Pour les besoins de la photo, j’ai transporté le tout dans la cour.

Le temps est venu de la repentance. Après avoir vilipendé les pratiquants du vélo d’appartement et autres engins de salles de fitness, je dois aller à Canossa et avouer que dans l’ombre de ma cave je me livre à de telles pratiques.

J’invoque cependant les circonstances atténuantes et l’usage thérapeutique. Si j’ai recouvré une motricité quasi complète, je sens bien à certaines petites douleurs à tel ou tel moment que la consolidation est encore incomplète et je ne me vois pas reprendre le vélo avec ce que cela suppose parfois d’arrêts nécessitant de poser pied à terre un peu vivement, surtout en cette période de l’année.

Qui plus est, la piscine de Mons étant fermée pour travaux, il me faut renoncer à ma deuxième séance hebdomadaire de natation, faute d’horaire approprié en semaine.

Dans ces circonstances, je pouvais donc sans trop me renier envisager l’achat d’un « home trainer ».

Après avoir consulté plusieurs avis d’utilisateurs, mon choix s’est porté sur un SATORI T 1830. C’est un modèle qui présente des qualités d’ergonomie, de robustesse et surtout qui offre une résistance suffisante pour générer un réel effort. De ce que j’ai lu, les appareils « premier prix » semblent à éviter car n’offrant qu’un pédalage « facile ».

Après quelques séances d’utilisation, voici mon avis.

Il est sûr que ce moyen de faire du vélo ne procure aucune des sensations d’une pratique réelle. Pas d’impression de vitesse, pas de paysage, pas d’odeurs changeantes au gré des lieux traversés …

Dans ces conditions, difficile de travailler l’endurance. Même en écoutant de la musique ou la radio, je n’imagine pas passer des heures à pédaler ainsi.

C’est par contre très pratique pour travailler la résistance ou la musculation, surtout lorsque l’on habite en ville. C’est toujours très compliqué de faire des séances de fractionné compte tenu des contraintes de la circulation urbaine. De même, la possibilité de faire varier la résistance constitue pour le cycliste de plaine un bon substitut aux pentes de contrées plus vallonnées. A en croire les indications du fournisseur, la résistance maximum simule une pente de 7%.

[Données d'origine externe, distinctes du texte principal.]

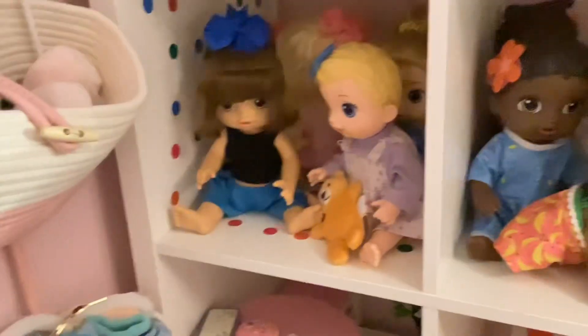And then we just have the nursery. I don't really have to show much of this because you guys already know the nursery. Pretty soon there should be a video on how I decorated for St. Patrick's Day. And then over here we just have my bookshelf with some of my books, and then my Baby Alives and more rooms for the Baby Alives.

Autre avantage, nul besoin de prêter attention à la route (vous voyez ce que je veux dire). On peut se concentrer sur la technique de pédalage.

Pour l’instant, je me suis limité à des séances de quarante cinq minutes, en essayant de varier les plaisirs.

Enfin dernière considération, ne bénéficiant plus de l’effet « refroidissement par air » on monte vite en température et cela peut procurer, à ceux qui comme moi ont pris un peu de poids autour des hanches pour cause d’inactivité, des séances de sudation.

Quelques photos commentées de cet appareil.

Pour commencer, un détail du rouleau et du frein électromagnétique. Je confirme que le montage de cette partie, très simple en fait, est rendu complexe par un mode d’emploi mal conçu. Alors qu’il aurait été plus simple de dénommer les pièces telles qu’elles sont présentées isolément, de la même façon que sur le croquis de montage, ce n’est pas l’option choisie. Cette non concordance ajoutée à une traduction imparfaite rend l’assemblage besogneux et je ne suis pas le seul à l’exprimer.

La molette noire que l’on distingue sous le levier bleu permet d’ajuster finement le contact pneu rouleau.

La position basse est celle utilisée pour rouler, la position haute atténuant la pression sur le pneu.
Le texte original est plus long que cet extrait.